In Suffolk more people are being caught and prosecuted for speeding offences as the number of road side cameras that are catching people has dramatically increased. In the last month statistics have revealed that 75% of those people caught on camera have been caught by fixed cameras. They have caught over 6,000 people in the last month alone and this works out at about one driver every six minutes.

The police have said that the more people being caught is important as it will discourage them from speeding again as they will face another fine and another chance of losing their licence. Other bodies have argued that the evidence from the rest of the UK suggests that having speed cameras on the road does not actually make hem any safer.

The figures have come at the same time that the country is trying to reduce the number of traffic units they have on the roads. The survey also said that the number of people driving with twelve points already on their licence is higher than ever before – after twelve points your drivers licence is not longer valid.

The Freedom of Information Act has meant these statistics have gone public and have shown that a great many people are avoiding the points from speeding by attending ‘speed awareness workshops’ where they are given a four hour lesson about the dangers of speeding. Since 2008 the figures have sky-rocketed – from 2008 to 2010 there was a sixteen fold increase in the number of people attending.
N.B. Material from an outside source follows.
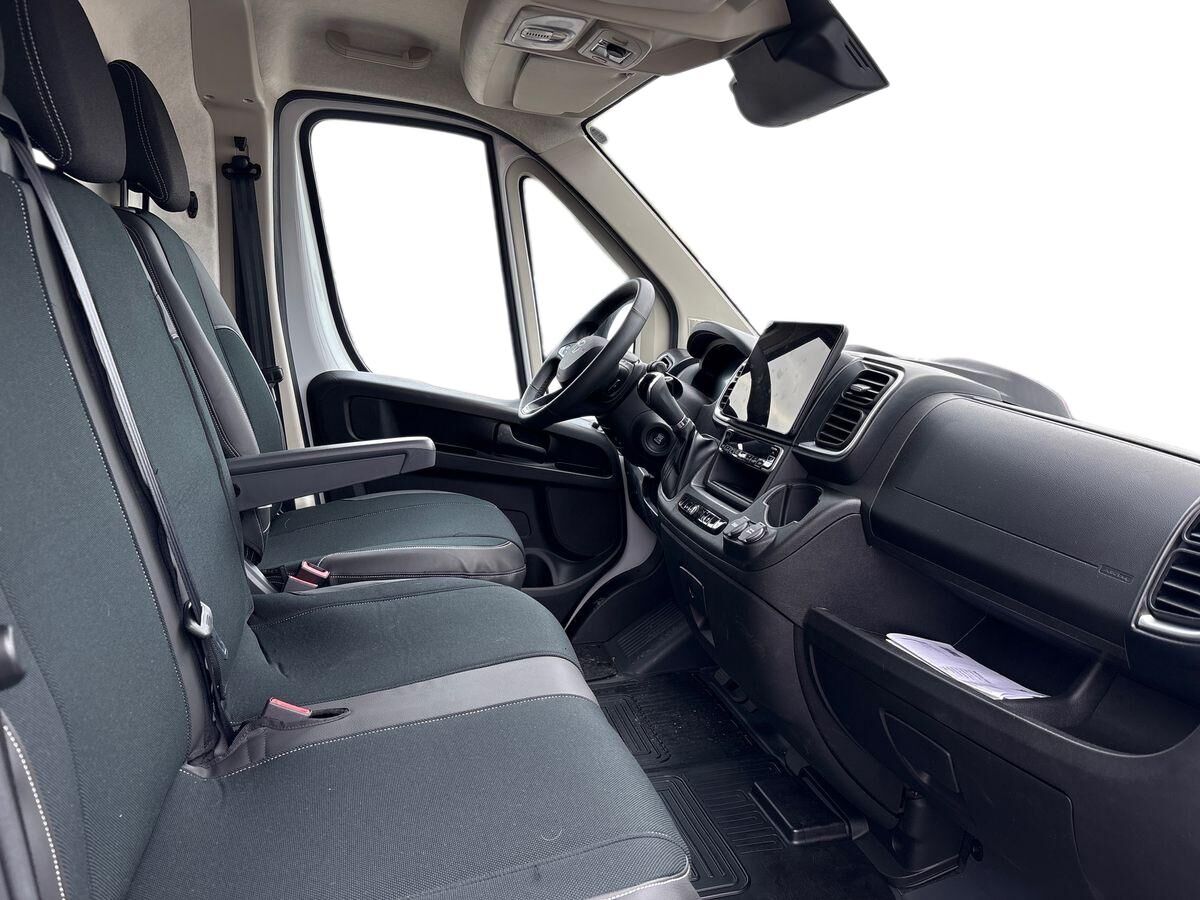 Billede af Toyota Proace Max 2.2D 140hk Medium/To skydedøre m. højt tag aut.gear Comfort Master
A spokesman from the Association of British Drivers, Neil Humphries has commented, “We are disappointed that Suffolk is still prosecuting drivers at such a rate when other counties across the UK are moving away from using speed cameras. Some areas have switched off all of their speed cameras and as a result there has been no change to the number of road accidents.”

A spokeswoman for the Suffolk police however has refuted these claims saying that, “We are using the speed cameras in the areas where residents have identified speeding as a concern. They are an effective way of reducing the number of road casualties that we see in the county.

“The cameras are an effective way to deter people from speeding on our roads and the classes for those that speed are an effective way to prevent further offences. The help to educate, rather than simply punish those who have committed no serious offences. If we simply punish people who speed they may not learn their lesson, but by educating them we are promoting positive rehabilitation.”

Suffolk police have been requested to reveal the sites where the most speeding offences have occurred. They have managed to avoid having to give the information by saying that giving it would encourage people to vandalise the speed cameras in those locations. Although not naming the location of the camera they did say that one camera alone has caught over 3,500 drivers in the first eight months of the year.

The force did reveal however that the four most prolific cameras at catching people are those that are mobile. Suffolk police have also said that some of the cameras in the county that were deactivated to save money are all now back on and fully operational.